Если в канун Февральской революции в Петрограде проживало около двух с половиной миллионов человек, то к 1920 году число жителей снизилось более чем втрое – до семисот двадцати тысяч.
На рынках не продавали товары за деньги, а меняли их на другие товары – высокие темпы инфляции (деньги стоили дешевле, чем бумага, на которой он были напечатаны) и тотальный дефицит воскресили натуральный обмен. Вот что писал Александр Грин в своем «Крысолове»: «Я вышел на рынок 22 марта и, повторяю, 1920 года. Это был Сенной рынок… Я не стоял на углу потому, что ходил взад-вперед по мостовой возле разрушенного корпуса рынка. Я продавал несколько книг – последнее, что у меня было… Мне не везло. Я бродил более двух часов, встретив только трёх человек, которые спросили, что я хочу получить за свои книги, но и те нашли цену пяти фунтов хлеба непомерно высокой… Я вышел на тротуар и прислонился к стене. Справа от меня стояла старуха в бурнусе и старой черной шляпе с стеклярусом. Механически тряся головой, она протягивала узловатыми пальцами пару детских чепцов, ленты и связку пожелтевших воротничков…»

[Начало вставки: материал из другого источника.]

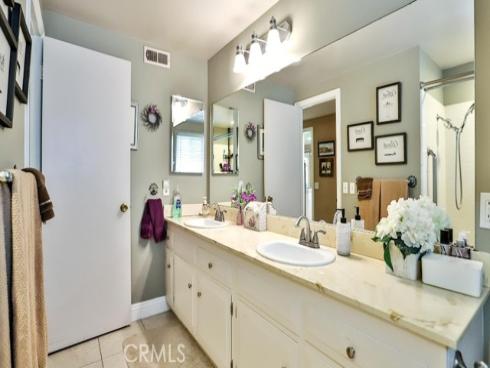 17819 Bay Street, Fountain Valley, CA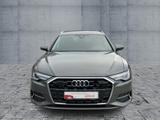 Audi A6 Avant 45 TDI QU ADVANCED LED+NAVI+PDC+ACC+AHK - Gebrauchtwagen in Sprockhövel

Одна из комнат Зимнего дворца после штурма. Петроград. 1917 год
Дальше Грин пишет о быте своего героя (по сути о своем быте): «Варил я картофель в комнате с загнившим окном, политым сыростью. У меня была маленькая железная печка. Дрова… в те времена многие ходили на чердаки, – я тоже ходил, гуляя в косой полутьме крыш с чувством вора, слушая, как гудит по трубам ветер, и рассматривая в выбитом слуховом окне бледное пятно неба, сеющее на мусор снежинки. Я находил здесь щепки, оставшиеся от рубки стропил, старые оконные рамы, развалившиеся карнизы и нёс это ночью к себе в подвал, прислушиваясь на площадках, не загремит ли дверной крюк, выпуская запоздавшего посетителя».